A França percebeu que a vitória alemã não se explicava apenas em termos bélicos, mas também pela escolaridade.
Quase não escrevo sobre educação. Preciso opinar de vez em quando sobre problemas específicos, como a reforma do ensino médio. Para isso, me valho de referências como Simon Schwartzman, Cristovam Buarque e Ricardo Henriques. Mas o tema é tão fascinante que às vezes me faço algumas perguntas, releio alguns livros como este de George Steiner: “Lições dos mestres”.
Foi nesse trabalho tão erudito que encontrei um trecho que me fez lembrar o Brasil. Fala da humilhação da França depois da derrota militar de 1870-71. De repente, o país percebeu que a vitória alemã não se explicava apenas em termos bélicos, mas também pela escolaridade sistemática e de ideias tanto científicas como humanísticas. O Gymnasium alemão, as universidades depois das reformas de Humboldt, os padrões de qualidade das pesquisas e publicações eruditas criaram uma situação que deixava exposto o amadorismo descuidado dos costumes franceses.
O fracasso militar inspirou a França a iniciar um processo diferente, em que a educação tinha um peso primordial. Tão importante que, algumas décadas depois, a França era um país de professores, todo mundo estava estudando ou às vésperas de prestar um exame.

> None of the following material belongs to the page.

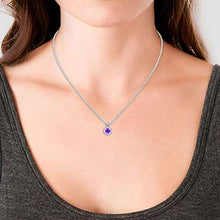 Load image into Gallery viewer, Diamond Pendants 1/2 cttw Certified Natural Diamond &amp; Amethyst Halo Necklace Pendant in 14 K Solid Gold Trending Designs (IJ color, SI clarity)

A guerra é um preço muito alto para essa tomada de consciência nacional. Será que existe outro caminho, um atalho? Modernamente, países como Finlândia, Coreia do Sul e mesmo Hong Kong e Cingapura conseguiram dar um salto.

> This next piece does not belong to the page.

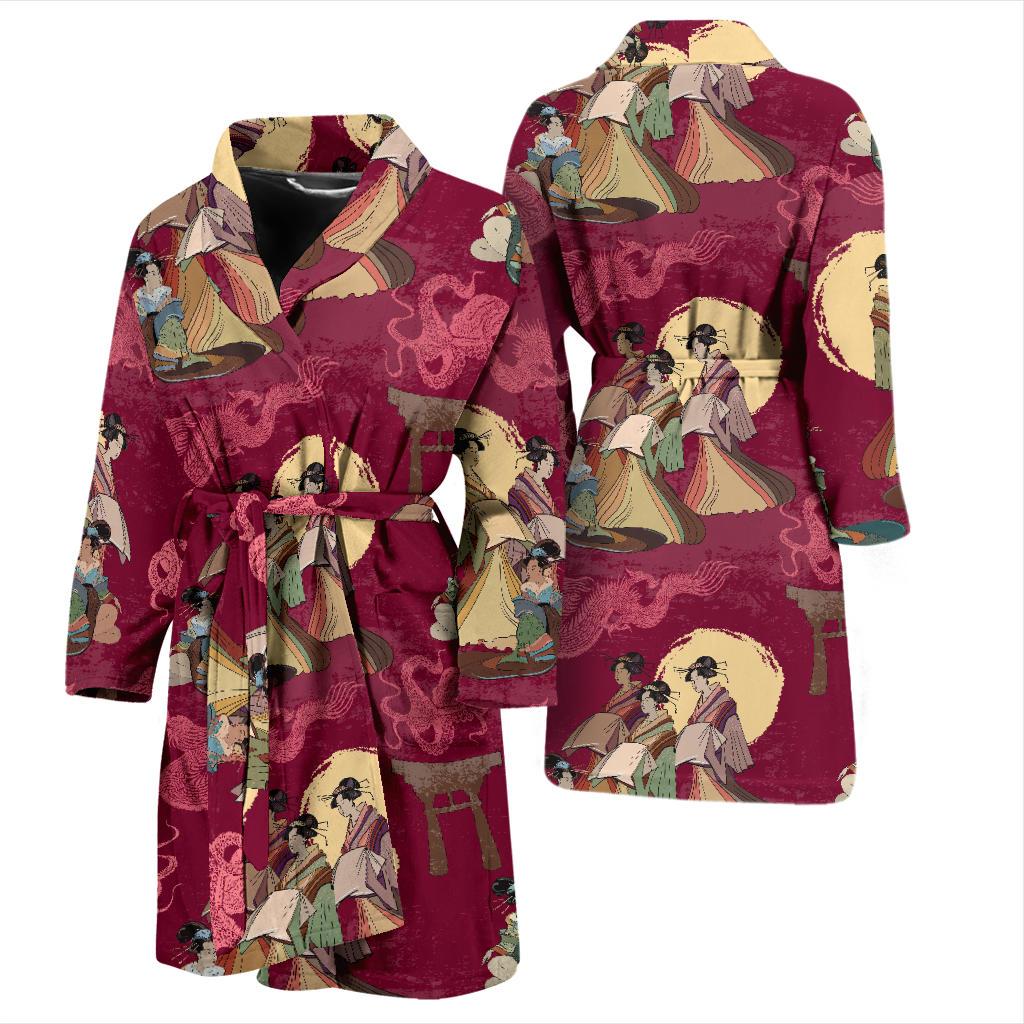 Japanese Tokyo Pattern Print Men Long Robe-grizzshop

Pensava exatamente nessas coisas quando me interessei pela reforma do ensino médio. Sinto que ela é discutida apenas entre os envolvidos diretos. Mas deveria ser um debate nacional. O que tem de bom? Até que ponto é ambiciosa e se enquadra na expectativa de uma educação para o futuro, conforme as expectativas da Unesco?

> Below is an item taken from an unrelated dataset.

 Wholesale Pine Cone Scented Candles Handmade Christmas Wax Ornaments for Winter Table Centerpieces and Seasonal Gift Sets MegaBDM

O livro de Steiner me ajudou a perguntar. Mas ele é voltado para a relação mestre-discípulo e, por meio dele, aprendemos a compreender a importância do mestre na escola, na religião, na arte, na filosofia. Steiner, além de escrever livros importantes, é um mestre tão vocacionado que acha estranho que seja pago para trabalhar. Depois do despertar da França, alguns dos seus mestres, como Alain (pseudônimo do professor Émile-Auguste Chartier), transformaram-se em orgulho nacional.
Não sei em que lugar o papel do professor, sua formação e sua importância simbólica são colocados. Ao mencionar a prioridade de investir nessa formação, sinto-me repetindo algo bastante antigo. Ao lançar o Reform Act, de Lord Sherbrooke, em 1867, o projeto britânico foi exatamente popularizado com a expressão: “precisamos educar os educadores”.
Um longo debate sobre o ensino médio certamente passará também por isso. A educação para os dias de hoje pede renovação de conhecimentos. Mas também, como em todas as épocas, pede respeito por quem gasta seu presente para garantir o futuro dos discípulos, quem tem precisamente o sonho de ser refutado e superado pelas novas gerações de alunos. O bom mestre, segundo Steiner, educa para a divergência, para a autonomia.
Por falar nos mestres do passado, mencionados por Steiner, imagino que não aceitariam o uso de exemplos de outros países para falar de ensino no Brasil. O rabino Zusya de Hanipol, num tom pré-nietzschiano, costumava dizer:
— Na outra vida não me perguntarão: “Por que você não foi Moisés?”. Eles perguntarão: “Por que você não foi Zusya?”. Transforme-se no que você é.
Transformar-se no que é significa explorar as próprias possibilidades, achar seu caminho. O ideal era usar a reforma do ensino médio não para voltar atrás, mas para dar um salto adiante em termos de igualdade social, em sintonia com os novos tempos.
O grande mestre francês Alain foi convidado e recusou ser professor na Sorbonne, argumentando que o ensino médio era mais importante do que qualquer outro. Merecia ser ouvido no Brasil de hoje.